## Description of the task
Line by line, copy the records below exactly and leave the pictures out.

Web page caption snippets
--- --- ---

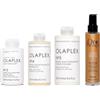 IKIGAJ Kit Capelli Danneggiati Secchi Shampoo Balsamo Anticaduta N3 N4 N5 + Fluido illuminante con Olio di Argan Termoprotettore Trattamento Riparatore Oro Gold Maschera Crespi Olio Ristrutturante
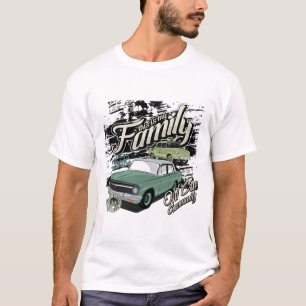 T-shirt C'est ma communauté de voitures de famille
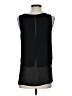HD in Paris 100% Polyester Black Sleeveless Blouse Size 4 - photo 2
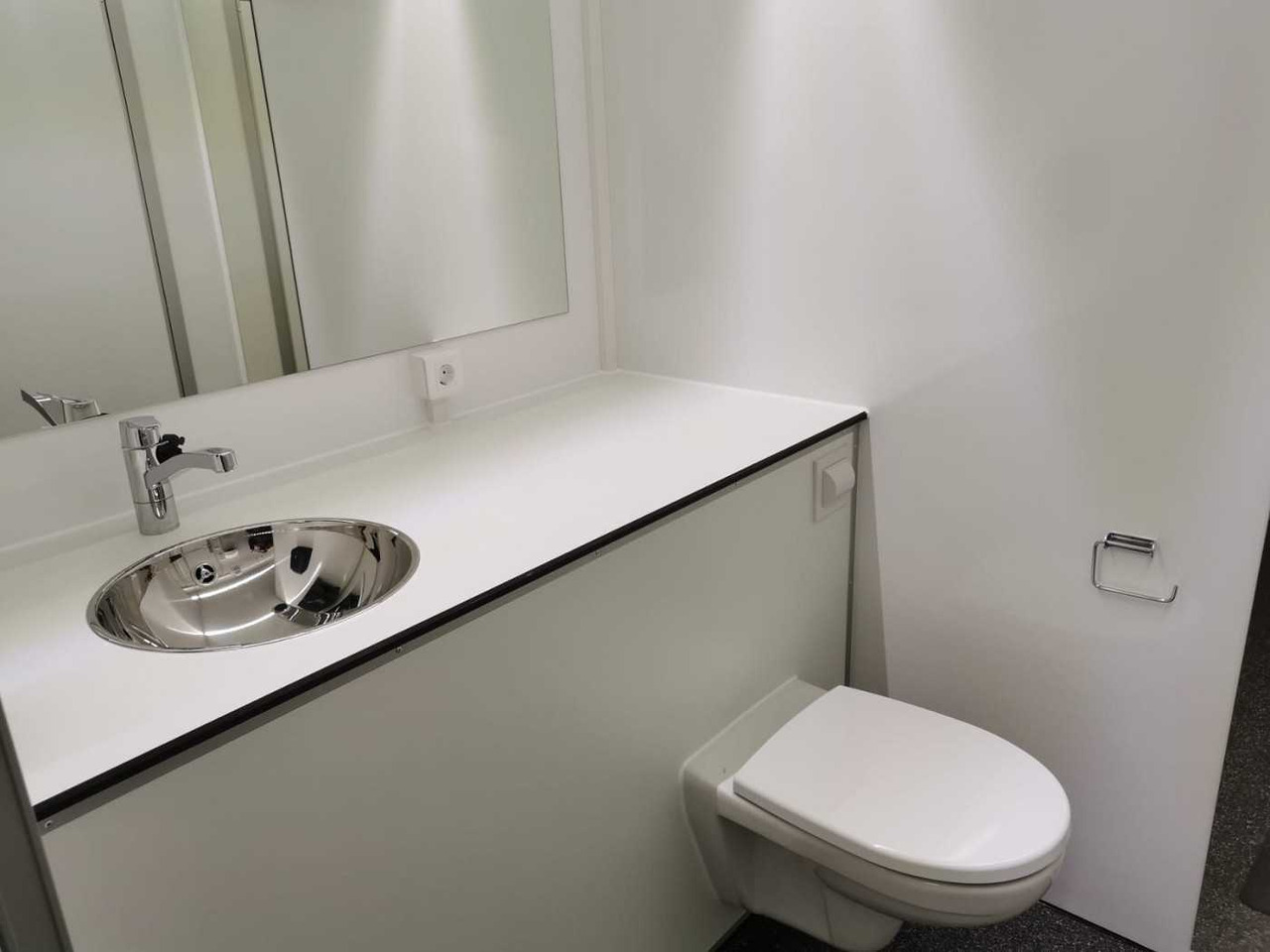 New Construction container, Trailer ROSEMEIER EW TA-NO Badanhänger mit WC LUX Toilettenanhänger: picture 6
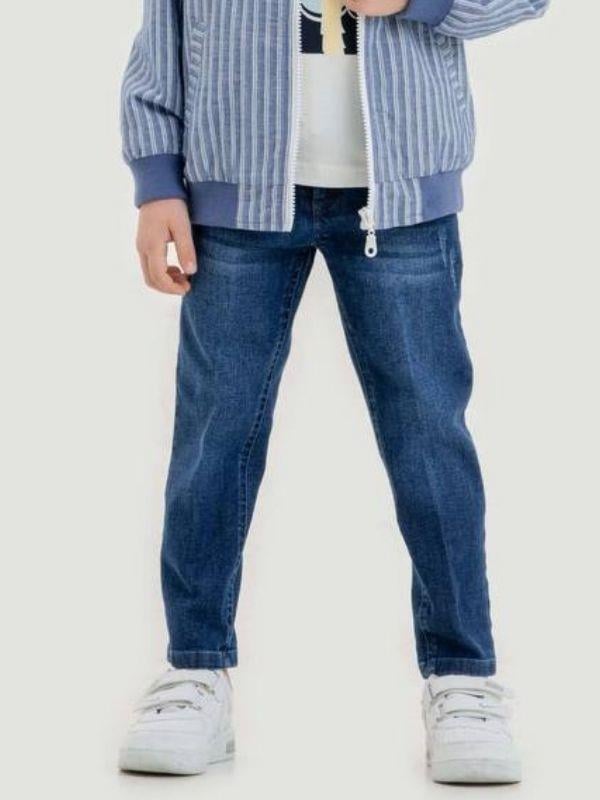 Erkek Çocuk Ceket Pantolon Tshirt 3 lü Spor Şık Takım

--- --- ---

## Output for this exercise
 IKIGAJ Kit Capelli Danneggiati Secchi Shampoo Balsamo Anticaduta N3 N4 N5 + Fluido illuminante con Olio di Argan Termoprotettore Trattamento Riparatore Oro Gold Maschera Crespi Olio Ristrutturante
 T-shirt C'est ma communauté de voitures de famille
HD in Paris 100% Polyester Black Sleeveless Blouse Size 4 - photo 2
 New Construction container, Trailer ROSEMEIER EW TA-NO Badanhänger mit WC LUX Toilettenanhänger: picture 6
 Erkek Çocuk Ceket Pantolon Tshirt 3 lü Spor Şık Takım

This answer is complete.